Le juge européen affirme que les délais de forclusion sont licites s’ils ne rendent pas l’exercice du droit excessivement difficile. Il précise également que le principe de neutralité fiscale s’oppose au refus du droit à déduction pour un simple retard de paiement. L’analyse de cette décision conduit à examiner la licéité des délais de forclusion nationaux avant d’étudier la protection de la neutralité fiscale.

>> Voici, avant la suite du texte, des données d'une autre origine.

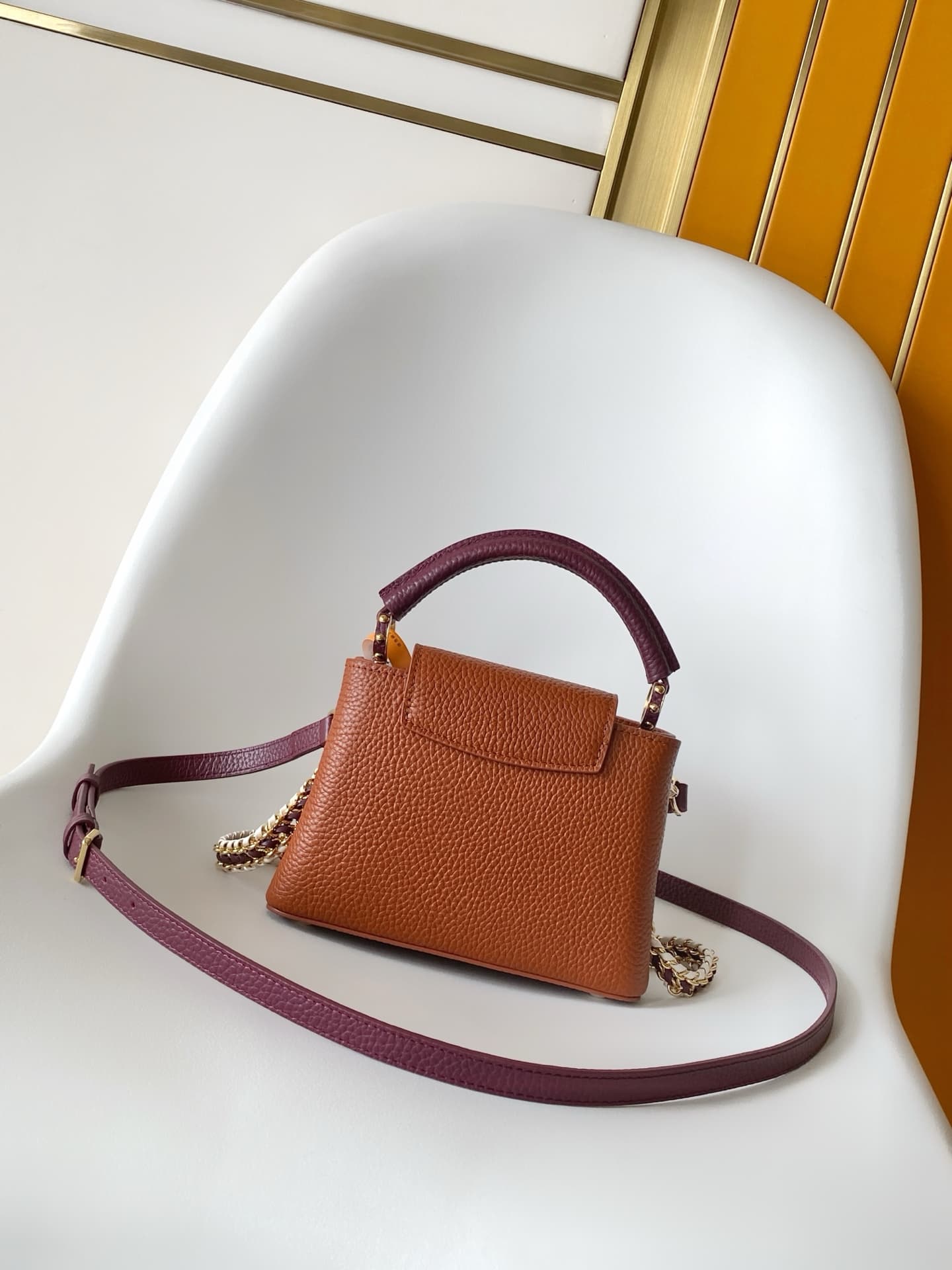 C5206 💰 M29439 Black; M28450 beige; M29440 gray; M28688 brown; M28691 bright red; M29498 horizontal pink – high-quality original design. Dynamic 163. This Capucines mini handbag features beautifully crafted braided chains and enamel Monogram floral decora — image 3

**I. La licéité des délais de forclusion au regard du principe d’effectivité**
**A. La légitimité de l’encadrement temporel du droit à déduction**
Le droit à déduction constitue un principe fondamental du système commun de taxe sur la valeur ajoutée au sein de l’Union européenne. Toutefois, l’exercice de ce droit peut être limité dans le temps pour garantir la sécurité juridique des assujettis et de l’administration. La décision précise que « la possibilité d’exercer le droit à déduction sans aucune limitation dans le temps irait à l’encontre du principe de sécurité juridique ». Les États membres disposent ainsi de la faculté de fixer des délais de forclusion afin d’assurer l’exacte perception de la taxe. Ces mesures ne doivent pas remettre en cause la neutralité fiscale ni aller au-delà du nécessaire pour atteindre l’objectif de contrôle.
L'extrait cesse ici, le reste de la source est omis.